This is a very interesting line of argument that I wish was true but I'm not sure is very convincing as it is. We can hypothesize about capabilities researchers who are relying on making advancements in AI in order to make a mark during their finite lifespans, or in order for the AI to cure aging-related disease to save them from dying. But how many capabilities researchers are actually primarily motivated by these factors, such that solving aging will significantly move the needle in convincing them not to work on AI?

What's also missing is acknowledgement that some of the forces could push in the other direction - that solving the diseases of old age would contribute to greater AI risk in various ways. Aubrey de Grey is an example of a highly prominent figure in life extension and aging-related disease who was originally an AI capabilities researcher, and only changed careers because he thought aging was both more neglected and important. 

Another possibility is that solving aging-related disease could result in extending the productive lifespan of capabilities researchers. John Carmack for example is a prodigous software engineer in his 50s who has recently decided to put all of his energy into AI capabilities research, and that he's pushing on with this despite people trying to convince him about the risks[1]. Morbid and tasteless as it might sound, it's possible in principle that succeeding in life extension/aging-related-disease research would give people like him enough additional productive and healthy years with which to become the creator of doom, wheras in worlds like ours where such breakthroughs are not made, they are limited by when they are struck down by death or dementia. 
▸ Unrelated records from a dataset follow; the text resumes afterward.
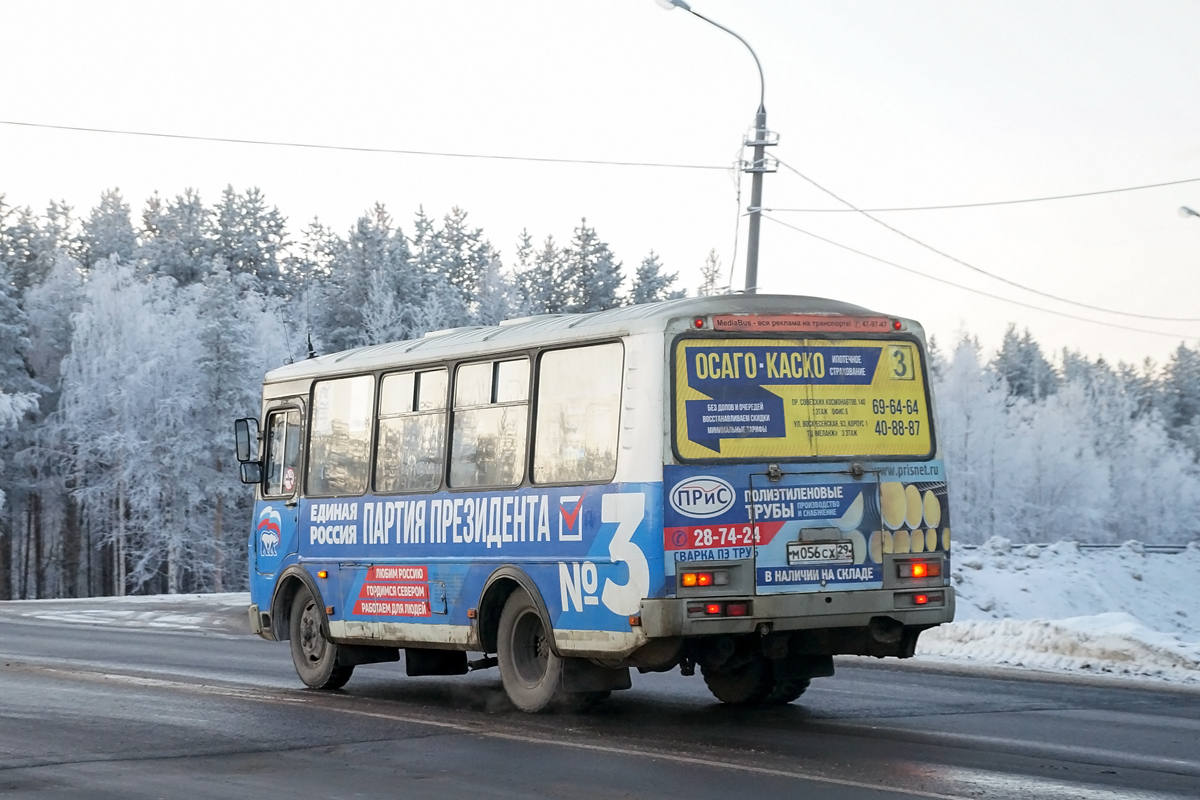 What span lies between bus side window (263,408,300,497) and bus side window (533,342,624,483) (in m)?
4.46

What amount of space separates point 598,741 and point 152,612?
23957mm

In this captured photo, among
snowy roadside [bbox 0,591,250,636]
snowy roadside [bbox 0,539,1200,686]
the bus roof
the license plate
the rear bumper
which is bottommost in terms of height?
snowy roadside [bbox 0,591,250,636]

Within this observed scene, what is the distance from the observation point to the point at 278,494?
15.7m

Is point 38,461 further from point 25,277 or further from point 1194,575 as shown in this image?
point 1194,575

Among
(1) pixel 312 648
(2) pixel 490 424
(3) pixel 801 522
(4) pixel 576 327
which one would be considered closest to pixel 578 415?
(4) pixel 576 327

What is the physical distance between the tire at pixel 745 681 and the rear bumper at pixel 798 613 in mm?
1471

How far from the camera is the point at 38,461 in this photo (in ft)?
223

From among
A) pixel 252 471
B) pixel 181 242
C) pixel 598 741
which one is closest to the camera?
pixel 598 741

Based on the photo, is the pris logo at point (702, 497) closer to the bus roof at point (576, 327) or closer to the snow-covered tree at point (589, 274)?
the bus roof at point (576, 327)

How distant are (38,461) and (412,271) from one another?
22.9 metres

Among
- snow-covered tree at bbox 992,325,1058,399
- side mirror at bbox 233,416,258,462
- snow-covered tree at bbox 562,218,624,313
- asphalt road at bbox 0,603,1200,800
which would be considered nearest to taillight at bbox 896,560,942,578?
asphalt road at bbox 0,603,1200,800

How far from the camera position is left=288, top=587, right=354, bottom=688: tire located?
48.1ft

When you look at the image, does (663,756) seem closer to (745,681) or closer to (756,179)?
(745,681)

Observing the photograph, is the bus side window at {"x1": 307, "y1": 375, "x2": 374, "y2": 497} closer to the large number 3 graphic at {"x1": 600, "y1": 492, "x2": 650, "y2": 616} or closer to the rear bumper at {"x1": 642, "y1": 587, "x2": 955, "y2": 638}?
the large number 3 graphic at {"x1": 600, "y1": 492, "x2": 650, "y2": 616} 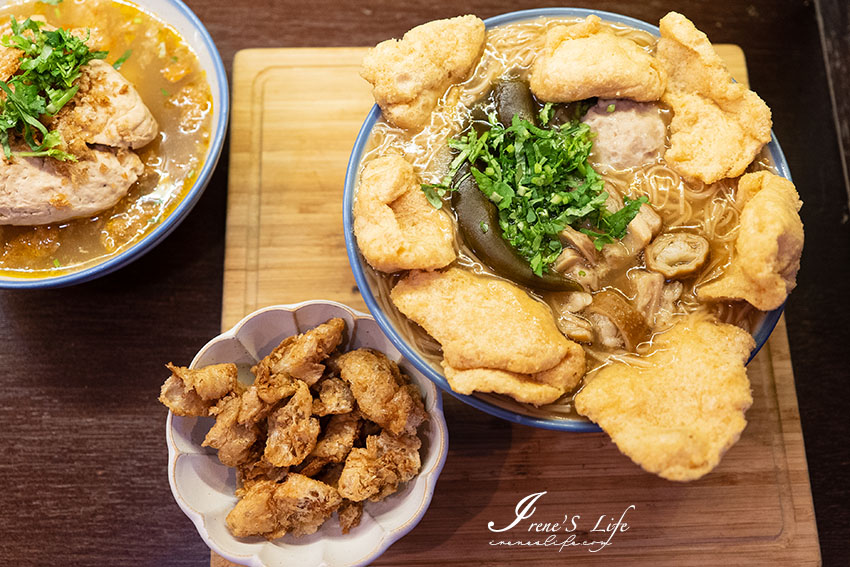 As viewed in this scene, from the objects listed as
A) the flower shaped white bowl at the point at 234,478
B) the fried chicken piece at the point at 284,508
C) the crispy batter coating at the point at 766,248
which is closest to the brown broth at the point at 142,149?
the flower shaped white bowl at the point at 234,478

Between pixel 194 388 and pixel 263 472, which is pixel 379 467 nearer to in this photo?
pixel 263 472

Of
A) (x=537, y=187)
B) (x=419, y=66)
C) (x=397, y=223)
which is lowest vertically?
(x=397, y=223)

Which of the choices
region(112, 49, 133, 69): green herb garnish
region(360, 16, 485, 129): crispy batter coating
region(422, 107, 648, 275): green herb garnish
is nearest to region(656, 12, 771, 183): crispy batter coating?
region(422, 107, 648, 275): green herb garnish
Those are very small examples, but in any case it isn't obvious to me where things would balance out to, considering the myriad complicated possible nth-order effects of such a massive change. You could speculate all day about these, maybe the sheer surplus of economic resources/growth from e.g. not having to deal with massive human capital loss/turnover that occurs thanks to aging-related disease killing everyone after a while results in significantly more resources going into capabilities research, speeding up timelines. There are plenty of ways things could go.

  1. ^

    Eliezer Yudkowsky has personally tried to convince him about AI risk without success. This despite Carmack being an HPMOR fan.

I agree the argument needs fleshing out - only intended as a rough sketch.

There are three possibilities:

  1. Longevity research success -> AI capabilities researchers slow down b/c more risk-averse + achieved their immortality aims that motivated their AI research
  2. Longevity research success -> no effect on AI capabilities researcher activity
  3. Longevity research success -> Extends research career of AI capabilities researchers, accelerating AI discovery

You also appeal to just open-ended uncertainty - even if we come up with strong confident predictions on these specific mechanisms, we still haven't moved the needle on predicting the effect of longevity research success on AI timelines.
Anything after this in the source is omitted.